Ekpe Udoh doesn't have eye-popping statistics.
But look a bit closer and you will see the third-year forward is making a major contribution to the Milwaukee Bucks defense.
Coach Scott Skiles certainly sees it and has rewarded the 6-foot-10 Udoh with playing time, an average of 20.4 minutes over the first seven games of the season.
Udoh and 6-11 Larry Sanders often play in tandem off the bench, helping to thwart opposing offenses.
And the progress of both players has helped the Bucks get off to a 5-2 start as they end a two-game home stand Saturday night against No. 1 overall draft pick Anthony Davis and the New Orleans Hornets.
Bucks fans knew a bit more about Sanders because he has been with the team since being drafted 15th overall in 2010. Udoh was the No. 6 pick in the same draft, selected by Golden State, and came to the Bucks as part of the Monta Ellis-Andrew Bogut deal in March.
"His main strength is he really helps keep the defense organized," Skiles said of Udoh. "He can block shots, of course.
"But that's obvious to anybody watching the game. It's not so obvious unless you know what we're trying to do, what he's really doing on the defensive end.
"He's always in the right spot. He's early in his help instead of late. He's a very high-level big guy for being in the right spot, anticipating the action and seeing it coming. His only thing is on the D-board and he's trying to make it an emphasis."
Udoh is not a strong defensive rebounder. But he finished with a team-high seven rebounds (three defensive boards) in the Bucks' 99-85 victory against Indiana on Wednesday.
His numbers are not that impressive: 5.6 points and 3.1 rebounds per game. But he knows his contributions are highly valued by his coach and teammates.
"This year I haven't blocked shots like I normally do," Udoh said. "But being there defensively is big. I alter shots or I'm just there on the pick-and-roll coverage.
"You've always got to know that stuff and be ready. Every little thing helps us."
The Bucks have depth in the big-man positions, a noticeable change from last season. Udoh's development has meant veteran Drew Gooden has been inactive for the last four games.
Rookie power forward John Henson returned from an injury on Nov. 7 but has played only in a lopsided loss to Memphis and in the fourth quarter of Wednesday's rout of the Pacers.
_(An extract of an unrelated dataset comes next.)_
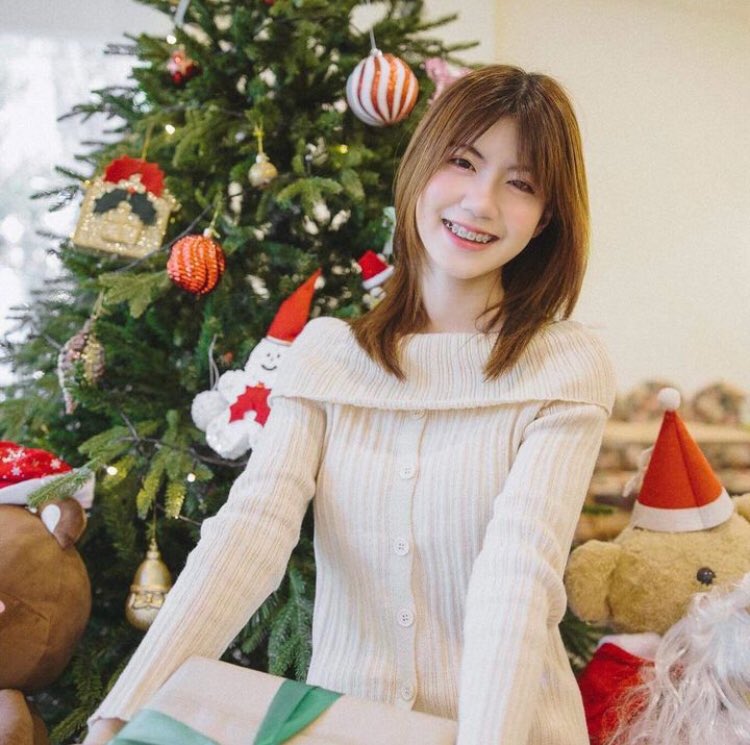 twskr41's tweet photo. แกมามุงน้องพะแพง มามุงความสวยกับความน่ารักนี้ อยากให้น้องถูกค้นพบ จะปีใหม่ก็โดนขโมยหัวใจ เตะตกหลุมความรักไม่รู้ตัวเลย😭😭✨✨💗💗💗💗💗💗

#PapangCGM48 
#CGM48 https://t.co/l2fW8qYckT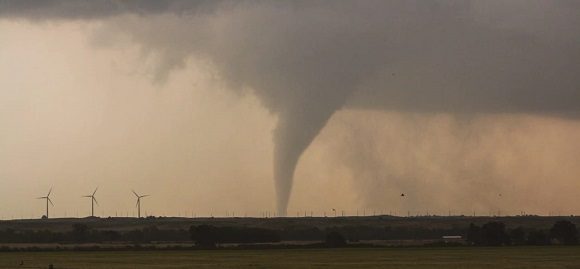El tornado, fenómeno atmosférico común en los Estados Unidos. Foto: Archivo.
Udoh admits he didn't know what to think when he was traded along with Ellis to the Bucks last season.
"Of course I was apprehensive," Udoh said. "I came here and I didn't know much. It really messed me up that I got traded so I just went out here and played."
Now with a full training camp behind him, the 25-year-old is feeling much more comfortable with his new team.
"We're really starting to play good ball," Udoh said. "We can't feel good about ourselves. We've got to keep being dogs out there and it will all pay off."
The Bucks never considered Udoh a throw-in when making the deal with the Warriors. He was not included by Golden State at the outset, but the Bucks wanted a big man to at least partially offset the loss of the 7-foot Bogut.
"We wouldn't have done it without him," Skiles said. "It's not that we were trying to compare him to anybody else. It's just that we thought he was a quality big player that could help us."
Udoh played two years at Michigan, but his draft stock rose after a strong junior year at Baylor in 2009-'10, when he averaged 13.9 points and 9.8 rebounds.
He played in 58 games with Golden State as a rookie and in 61 games (11 starts) last season. He averaged 1.67 blocks in his second year, ranking 11th in the league.
Skiles said he wants both Udoh and Sanders to keep moving on offense and not to be "ball-holders."
"He has good post moves," Skiles said. "He screens, he rolls; he can move around the floor. He can put the ball down and make dribble-handoff plays that help facilitate the offense for other guys."
Udoh said he is trying to make a play when he has the ball and being aware of Ellis and Brandon Jennings, the Bucks' high-scoring backcourt tandem.
And on defense he's communicating with his teammates and working together with Sanders when they are on the floor together.
"It's crazy," Udoh said. "On defense we both can guard on the perimeter and we both can get blocked shots.
"All the time we're talking; in timeouts we're talking what we need to do. He always has my back. I always have his back. We're animals."